__SUPPLIED MATERIAL__
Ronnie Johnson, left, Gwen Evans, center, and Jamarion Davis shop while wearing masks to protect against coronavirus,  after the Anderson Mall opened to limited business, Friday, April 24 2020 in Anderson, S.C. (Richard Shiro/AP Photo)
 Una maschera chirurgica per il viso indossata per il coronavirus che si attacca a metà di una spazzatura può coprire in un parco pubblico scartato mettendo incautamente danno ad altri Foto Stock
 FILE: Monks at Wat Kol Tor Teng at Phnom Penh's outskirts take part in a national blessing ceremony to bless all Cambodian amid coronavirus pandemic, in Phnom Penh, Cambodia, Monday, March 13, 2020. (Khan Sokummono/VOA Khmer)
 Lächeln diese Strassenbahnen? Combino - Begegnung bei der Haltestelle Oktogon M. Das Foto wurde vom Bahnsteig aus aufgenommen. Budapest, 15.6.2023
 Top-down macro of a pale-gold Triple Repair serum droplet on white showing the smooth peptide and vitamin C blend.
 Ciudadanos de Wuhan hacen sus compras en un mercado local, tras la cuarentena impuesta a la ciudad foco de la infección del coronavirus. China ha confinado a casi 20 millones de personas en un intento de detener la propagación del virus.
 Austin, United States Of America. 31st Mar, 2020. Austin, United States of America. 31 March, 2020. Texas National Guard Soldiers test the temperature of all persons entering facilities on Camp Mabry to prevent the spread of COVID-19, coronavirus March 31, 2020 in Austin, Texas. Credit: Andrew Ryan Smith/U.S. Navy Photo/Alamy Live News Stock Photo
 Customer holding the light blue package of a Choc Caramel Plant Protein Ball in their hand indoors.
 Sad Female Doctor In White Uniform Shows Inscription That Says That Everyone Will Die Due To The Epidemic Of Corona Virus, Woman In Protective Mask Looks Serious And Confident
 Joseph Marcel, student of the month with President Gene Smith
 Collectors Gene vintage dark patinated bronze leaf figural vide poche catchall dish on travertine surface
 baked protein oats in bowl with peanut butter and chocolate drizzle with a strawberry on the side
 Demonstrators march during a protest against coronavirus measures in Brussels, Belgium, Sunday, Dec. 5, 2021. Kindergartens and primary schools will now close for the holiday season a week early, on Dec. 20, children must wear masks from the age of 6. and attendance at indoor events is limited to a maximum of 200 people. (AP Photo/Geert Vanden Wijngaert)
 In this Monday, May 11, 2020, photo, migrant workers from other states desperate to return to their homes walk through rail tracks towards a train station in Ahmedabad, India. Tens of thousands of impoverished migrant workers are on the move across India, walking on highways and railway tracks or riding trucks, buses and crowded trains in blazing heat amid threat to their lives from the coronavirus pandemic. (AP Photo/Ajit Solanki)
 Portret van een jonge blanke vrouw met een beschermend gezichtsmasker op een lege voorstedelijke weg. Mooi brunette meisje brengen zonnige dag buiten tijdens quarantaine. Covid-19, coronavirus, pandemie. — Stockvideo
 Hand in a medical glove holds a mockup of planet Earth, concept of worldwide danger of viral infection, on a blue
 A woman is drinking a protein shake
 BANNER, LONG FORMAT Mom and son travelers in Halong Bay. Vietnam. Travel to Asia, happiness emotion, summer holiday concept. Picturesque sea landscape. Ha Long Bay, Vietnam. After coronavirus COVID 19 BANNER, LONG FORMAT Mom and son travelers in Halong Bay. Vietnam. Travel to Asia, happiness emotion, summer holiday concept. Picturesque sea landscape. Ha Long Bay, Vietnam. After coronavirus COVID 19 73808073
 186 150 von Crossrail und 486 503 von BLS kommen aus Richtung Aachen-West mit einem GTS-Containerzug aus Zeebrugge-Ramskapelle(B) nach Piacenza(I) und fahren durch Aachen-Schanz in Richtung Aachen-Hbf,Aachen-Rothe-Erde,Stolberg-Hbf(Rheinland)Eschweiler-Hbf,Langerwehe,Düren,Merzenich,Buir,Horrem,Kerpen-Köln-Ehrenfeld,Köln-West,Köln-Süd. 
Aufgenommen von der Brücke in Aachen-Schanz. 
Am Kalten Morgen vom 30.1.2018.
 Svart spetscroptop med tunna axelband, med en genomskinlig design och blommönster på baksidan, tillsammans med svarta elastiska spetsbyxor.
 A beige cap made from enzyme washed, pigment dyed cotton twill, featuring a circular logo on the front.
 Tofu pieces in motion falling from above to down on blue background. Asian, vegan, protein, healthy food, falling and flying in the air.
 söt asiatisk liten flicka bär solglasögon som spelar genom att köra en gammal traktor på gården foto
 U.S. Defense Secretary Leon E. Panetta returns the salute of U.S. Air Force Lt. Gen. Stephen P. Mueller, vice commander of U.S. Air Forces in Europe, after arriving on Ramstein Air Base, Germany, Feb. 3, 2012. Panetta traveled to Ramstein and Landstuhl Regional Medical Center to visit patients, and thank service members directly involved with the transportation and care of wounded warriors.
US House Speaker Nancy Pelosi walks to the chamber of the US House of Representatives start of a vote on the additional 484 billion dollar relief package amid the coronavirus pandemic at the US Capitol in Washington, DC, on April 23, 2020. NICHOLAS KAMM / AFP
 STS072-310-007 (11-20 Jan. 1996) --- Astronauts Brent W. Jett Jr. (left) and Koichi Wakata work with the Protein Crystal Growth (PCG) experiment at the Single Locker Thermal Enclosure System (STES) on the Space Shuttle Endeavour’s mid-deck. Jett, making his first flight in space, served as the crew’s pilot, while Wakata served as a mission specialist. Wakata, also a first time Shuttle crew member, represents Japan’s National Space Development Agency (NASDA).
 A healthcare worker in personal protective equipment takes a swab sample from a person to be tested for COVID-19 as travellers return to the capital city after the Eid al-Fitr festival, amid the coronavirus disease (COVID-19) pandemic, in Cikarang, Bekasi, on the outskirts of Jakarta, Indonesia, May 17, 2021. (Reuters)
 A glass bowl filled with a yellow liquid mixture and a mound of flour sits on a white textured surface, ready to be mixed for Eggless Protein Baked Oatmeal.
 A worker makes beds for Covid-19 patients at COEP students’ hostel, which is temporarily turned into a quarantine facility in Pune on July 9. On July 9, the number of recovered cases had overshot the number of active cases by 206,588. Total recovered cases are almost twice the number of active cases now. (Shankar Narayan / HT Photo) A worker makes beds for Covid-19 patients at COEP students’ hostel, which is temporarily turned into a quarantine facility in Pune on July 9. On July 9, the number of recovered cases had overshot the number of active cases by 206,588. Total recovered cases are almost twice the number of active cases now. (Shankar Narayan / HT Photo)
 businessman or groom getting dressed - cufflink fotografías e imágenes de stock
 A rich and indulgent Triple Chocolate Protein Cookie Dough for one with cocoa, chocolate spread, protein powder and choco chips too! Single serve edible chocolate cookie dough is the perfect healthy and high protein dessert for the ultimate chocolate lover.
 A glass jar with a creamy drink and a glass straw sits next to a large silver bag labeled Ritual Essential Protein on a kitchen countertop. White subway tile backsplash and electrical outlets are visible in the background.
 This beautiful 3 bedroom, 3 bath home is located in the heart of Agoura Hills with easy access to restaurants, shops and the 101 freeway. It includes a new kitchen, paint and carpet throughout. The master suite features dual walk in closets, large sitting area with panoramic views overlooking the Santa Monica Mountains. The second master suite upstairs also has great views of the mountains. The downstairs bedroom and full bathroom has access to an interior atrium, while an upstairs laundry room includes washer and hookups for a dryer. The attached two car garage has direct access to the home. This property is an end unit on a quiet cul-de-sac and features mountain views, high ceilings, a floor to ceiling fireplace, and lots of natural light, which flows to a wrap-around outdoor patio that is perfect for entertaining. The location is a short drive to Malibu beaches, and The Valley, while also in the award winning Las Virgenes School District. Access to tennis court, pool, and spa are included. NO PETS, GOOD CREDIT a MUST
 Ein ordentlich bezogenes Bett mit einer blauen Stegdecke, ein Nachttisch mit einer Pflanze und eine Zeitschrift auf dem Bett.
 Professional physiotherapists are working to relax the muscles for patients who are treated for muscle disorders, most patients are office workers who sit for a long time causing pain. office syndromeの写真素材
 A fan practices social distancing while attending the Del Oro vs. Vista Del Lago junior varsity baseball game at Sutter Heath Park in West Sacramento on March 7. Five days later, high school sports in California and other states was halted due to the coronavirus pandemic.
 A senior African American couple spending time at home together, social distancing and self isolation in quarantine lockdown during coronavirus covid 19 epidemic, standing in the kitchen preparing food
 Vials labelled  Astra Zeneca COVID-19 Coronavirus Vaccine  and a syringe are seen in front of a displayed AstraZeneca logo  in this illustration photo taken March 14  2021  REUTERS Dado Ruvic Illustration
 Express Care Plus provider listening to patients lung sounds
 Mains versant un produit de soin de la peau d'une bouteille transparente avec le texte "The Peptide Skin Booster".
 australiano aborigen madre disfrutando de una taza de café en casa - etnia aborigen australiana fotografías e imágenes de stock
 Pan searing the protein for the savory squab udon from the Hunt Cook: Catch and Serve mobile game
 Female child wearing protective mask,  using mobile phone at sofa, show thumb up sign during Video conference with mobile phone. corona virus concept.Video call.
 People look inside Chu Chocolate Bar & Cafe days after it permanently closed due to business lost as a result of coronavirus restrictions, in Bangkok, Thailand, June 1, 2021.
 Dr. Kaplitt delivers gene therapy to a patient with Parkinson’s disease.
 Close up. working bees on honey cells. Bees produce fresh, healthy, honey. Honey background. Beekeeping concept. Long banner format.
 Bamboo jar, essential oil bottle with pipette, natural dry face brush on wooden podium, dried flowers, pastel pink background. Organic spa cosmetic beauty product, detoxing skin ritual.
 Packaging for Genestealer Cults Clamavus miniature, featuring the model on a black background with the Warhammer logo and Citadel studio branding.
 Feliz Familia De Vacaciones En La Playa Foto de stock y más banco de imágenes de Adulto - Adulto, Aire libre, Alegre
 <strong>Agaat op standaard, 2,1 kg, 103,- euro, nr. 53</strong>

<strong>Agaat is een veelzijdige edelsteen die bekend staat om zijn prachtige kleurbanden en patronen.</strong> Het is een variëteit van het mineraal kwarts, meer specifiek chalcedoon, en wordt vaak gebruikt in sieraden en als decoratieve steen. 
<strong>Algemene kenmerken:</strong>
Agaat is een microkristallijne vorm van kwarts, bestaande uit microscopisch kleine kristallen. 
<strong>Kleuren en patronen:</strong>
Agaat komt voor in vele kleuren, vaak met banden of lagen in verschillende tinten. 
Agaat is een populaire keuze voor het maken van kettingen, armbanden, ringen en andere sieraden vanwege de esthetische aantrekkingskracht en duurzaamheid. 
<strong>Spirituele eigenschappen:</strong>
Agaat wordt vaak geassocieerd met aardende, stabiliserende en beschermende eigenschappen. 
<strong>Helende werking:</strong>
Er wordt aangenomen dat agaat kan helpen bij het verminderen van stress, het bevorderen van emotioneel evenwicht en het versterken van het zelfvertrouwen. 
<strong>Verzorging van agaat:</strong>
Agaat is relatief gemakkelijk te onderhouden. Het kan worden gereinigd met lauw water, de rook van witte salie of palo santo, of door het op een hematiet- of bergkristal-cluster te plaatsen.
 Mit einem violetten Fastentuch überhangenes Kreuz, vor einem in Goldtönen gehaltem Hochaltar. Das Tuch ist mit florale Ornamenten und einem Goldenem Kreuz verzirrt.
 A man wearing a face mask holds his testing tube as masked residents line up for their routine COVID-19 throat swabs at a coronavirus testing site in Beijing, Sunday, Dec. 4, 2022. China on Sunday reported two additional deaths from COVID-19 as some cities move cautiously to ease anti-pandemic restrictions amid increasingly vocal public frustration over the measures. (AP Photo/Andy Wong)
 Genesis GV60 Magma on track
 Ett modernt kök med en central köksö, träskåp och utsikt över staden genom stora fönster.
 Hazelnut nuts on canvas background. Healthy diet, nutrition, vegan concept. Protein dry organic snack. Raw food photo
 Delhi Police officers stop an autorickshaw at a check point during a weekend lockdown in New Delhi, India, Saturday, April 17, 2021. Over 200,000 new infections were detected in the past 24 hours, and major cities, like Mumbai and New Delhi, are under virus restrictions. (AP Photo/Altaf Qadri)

__WHAT YOU ARE ASKED TO DO__
In the listing above, locate the line containing "Dado Ruvic Illustration" and the line containing "Express Care Plus", then transcribe both and every line between them verbatim.

__THE ANSWER__
 Vials labelled  Astra Zeneca COVID-19 Coronavirus Vaccine  and a syringe are seen in front of a displayed AstraZeneca logo  in this illustration photo taken March 14  2021  REUTERS Dado Ruvic Illustration
 Express Care Plus provider listening to patients lung sounds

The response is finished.